La signorina Meyer venne a visitarmi anche il giorno dopo e mi pregò di permetterle di condur seco alcune amiche sue che desideravano, come lei, d'imparare l'italiano e di sentirmi suonare la spinetta e cantare alcune ariette. Le risposi che era padrona di condurre chi le paresse e che me ne terrei onorato. A questo modo ebbi, per tre volte alla settimana, nella mia camera, una bella assemblea di ragazze, la più vecchia delle quali non aveva 20 anni.
Queste signorine mi condussero nelle loro case e mi procurarono la conoscenza dei loro parenti. Fui invitato a desinare con loro parecchie volte e tutte le feste mi conducevano nelle loro ville dove non si pensava che a divertirci. Il signor Meyer, il pittore, che aveva passato in Italia una parte della sua gioventù, era ben lieto che qualcuno gli ridestasse in mente le memorie di quel che aveva veduto nel bel paese. Mi fece vedere tutte le sue pitture, e quando gliene dissi il mio parere, credette o che me ne intendessi o che fossi un gran dilettante. Ad ogni modo mi seppe buon grado delle lodi date ai suoi quadri, i quali, in verità, le meritavano.

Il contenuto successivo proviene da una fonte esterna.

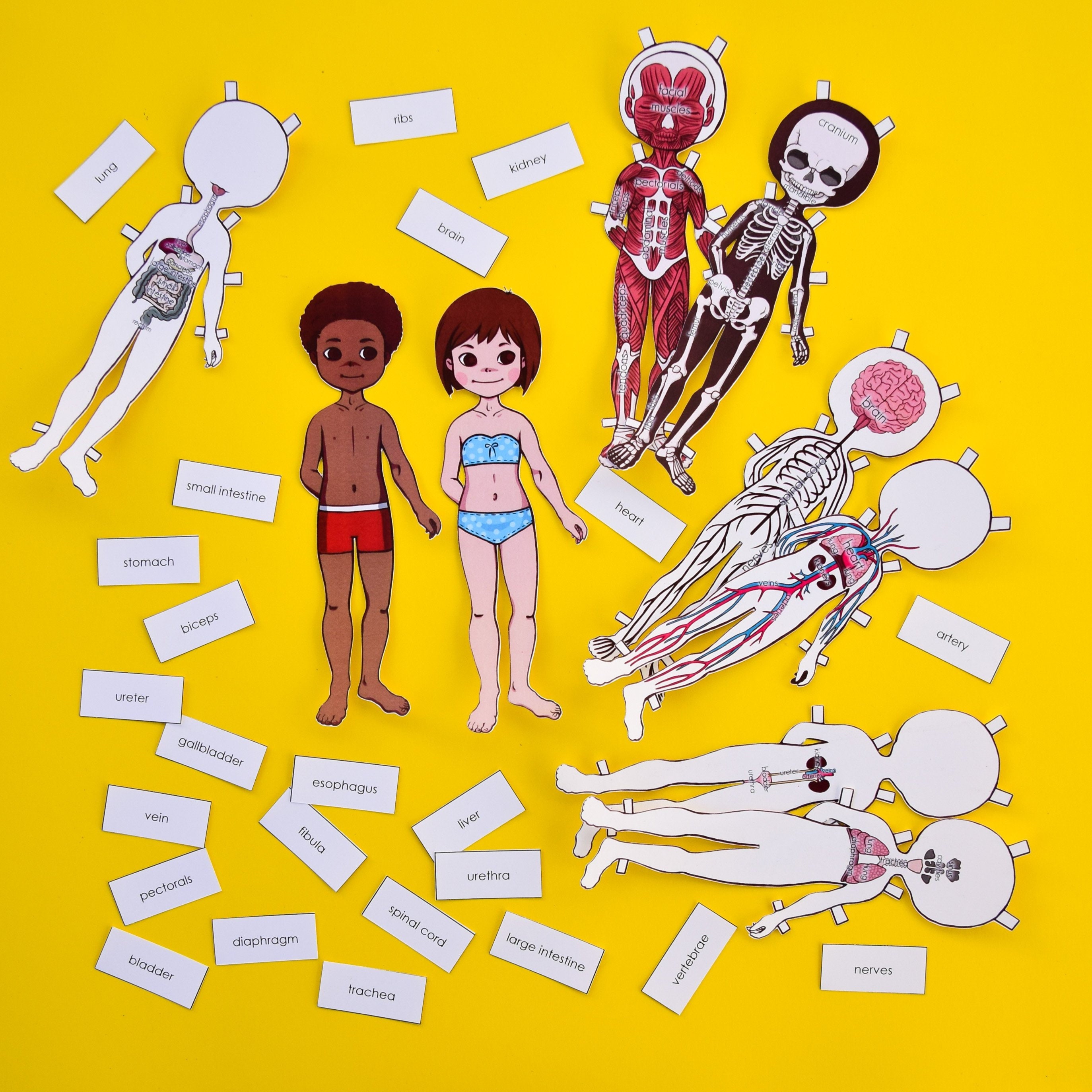 Printable Anatomy Paper Dolls Etsy España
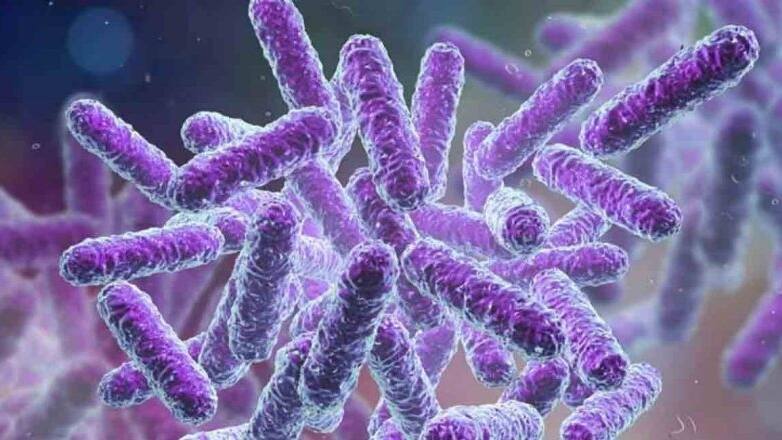 கோழிக்கோடு பகுதியில் மீண்டும் ஷிகெல்லா வைரஸ்! தமிழகத்திற்கு ஆபத்து?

Egli fece quanto poté per indurmi ad andare nell'Hannover e il dottor Meyer, suo fratello, agente di quella Corte si offrì di darmi lettere per gli amici che aveva colà. Ma siccome ero, e sono tuttora preso dal pensiero di cercare in un'altra parte del mondo il riposo che veggo impossibile in Europa, dove i miei implacabili nemici non mi vogliono lasciare alcun asilo, sono venuto ad Amsterdam per vedere se ci posso trovare qualche favorevole occasione d'impiego o qualche imbarco per andare a trovare tra le nazioni barbare la libertà, della quale non godo se non dal mio arrivo qui, e che stento ancora a sentire, tanto sono avvezzo alle traversie; quella libertà che mi fu tolta durante i tre o quattro più begli anni della vita.